§ Information provided:

BEGIN

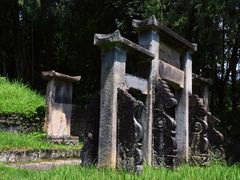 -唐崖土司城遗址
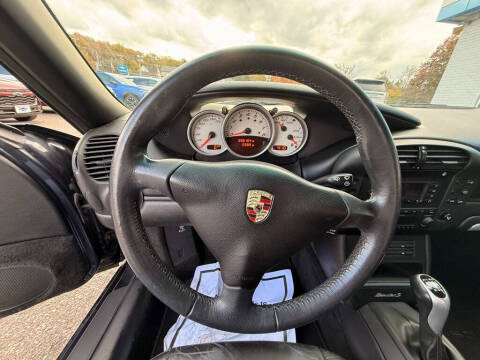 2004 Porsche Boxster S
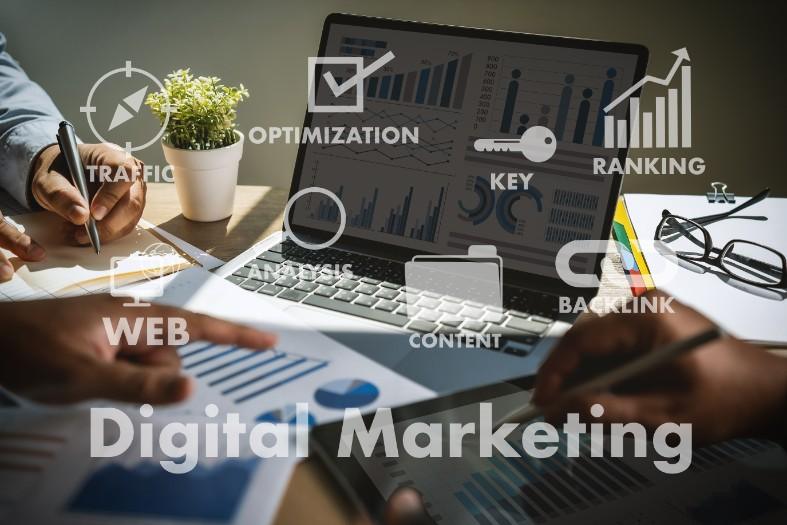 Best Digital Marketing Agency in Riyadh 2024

END
BEGIN

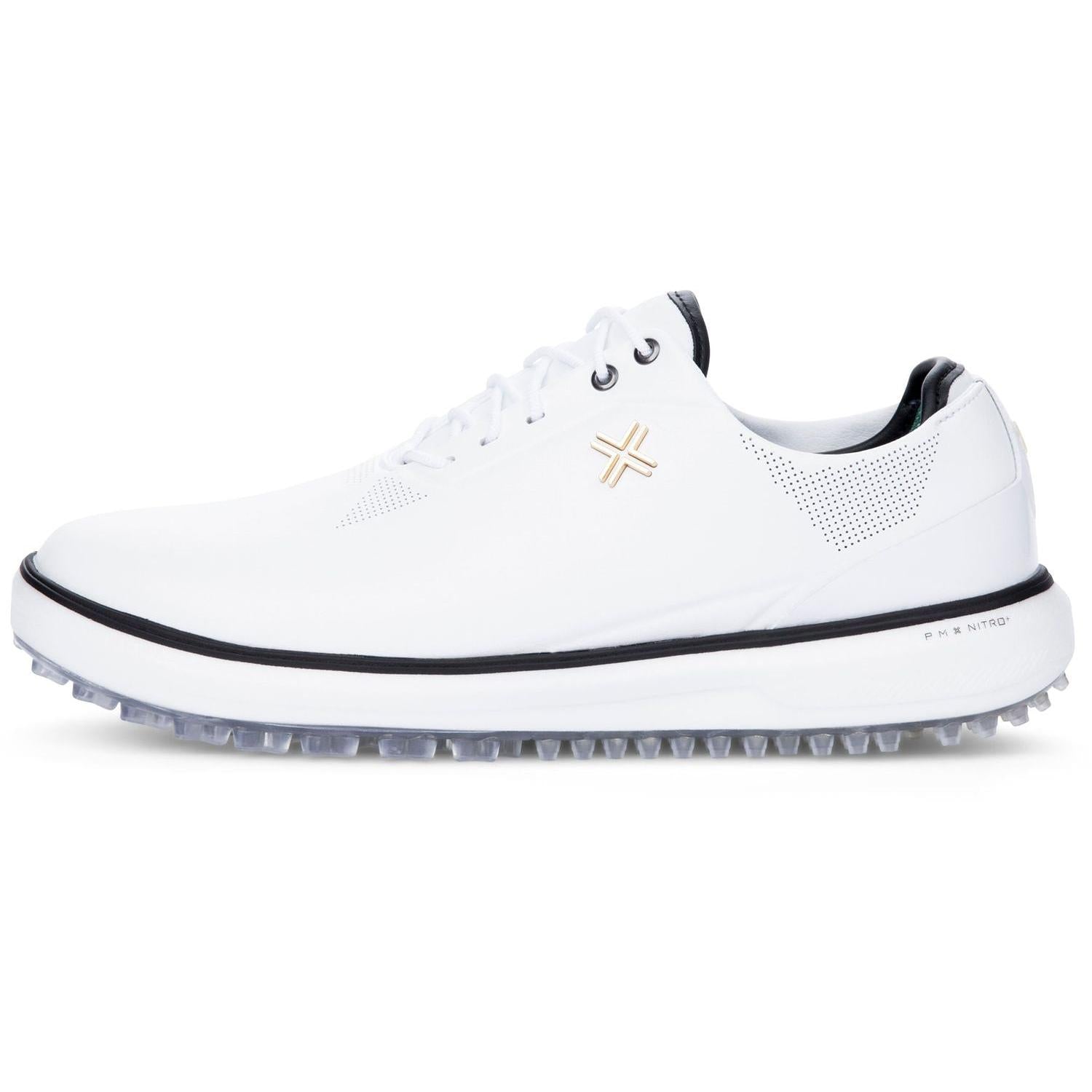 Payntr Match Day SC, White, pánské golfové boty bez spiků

END

§ Assignment: Exactly the lines starting at the one above with "2004 Porsche Boxster S" and ending at the one with "Best Digital Marketing Agency in Riyadh 2024" should be printed, and nothing else. Omit the pictures.

§ Response below:
 2004 Porsche Boxster S
 Best Digital Marketing Agency in Riyadh 2024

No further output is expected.